There are also opportunities to be had in some of Fairfield’s northern urban areas. The other office deal on TRD’s list was the sale of the Offices at Greens Farms. It took the 10th spot, trading for $32.6 million in December to JEM Holdings.

The space was 100 percent leased when the deal was made, said Mirin, who represented the Silverman Group, the seller. Rents are in the low- to mid-$30s per square foot, he added, which is significantly less than rents in the southern part of the county.

Mikael Levey, the founder and CEO of JEM, said he is not a big fan of suburban office space nor Fairfield itself, and he thinks much of the product in the area is outdated and unappealing. In fact, his company is 99 percent focused on multifamily properties in the southeast, he said.

“But I’m opportunistic in markets in communities that make sense, like Greenwich, Darien or Westport,” he added. In addition, the Offices at Greens Farms is a Class A office park, and Levey noted that the product is limited in the area.

Still, Levey’s concerns about the region as a whole are reflected in the numbers.
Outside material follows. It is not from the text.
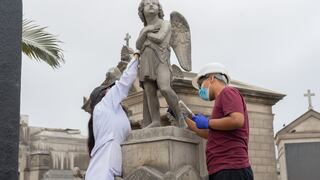 Convocan a voluntarios para limpieza del Cementerio Presbítero Maestro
Office vacancies across the county are at 26.5 percent, up from 24.2 percent in the first quarter of 2018. And rents nudged down to $31.96 from the average per-square-foot rate of $32.55 a year ago, according to a Cushman & Wakefield first-quarter report on the Fairfield office market.

In some cases, the interest is there, but not the product. Office space in such cities as Stamford and Greenwich has often been carved up to meet the needs of smaller firms, and big blocks of desirable space are lacking, Mirin said.

Indeed — the Stamford- and Austin, Texas-based online job listing company — has been looking for space in Stamford, but so far hasn’t been able to find enough square footage in a building with modern amenities.

“The vacancy rates on paper seem high, but you can’t find big blocks of space anymore,” Mirin said. “Average office deals are historically 4,000 to 5,000 square feet. When you start reading about these deals that have hundreds of thousands of feet, you can count on one hand the places you can even go.”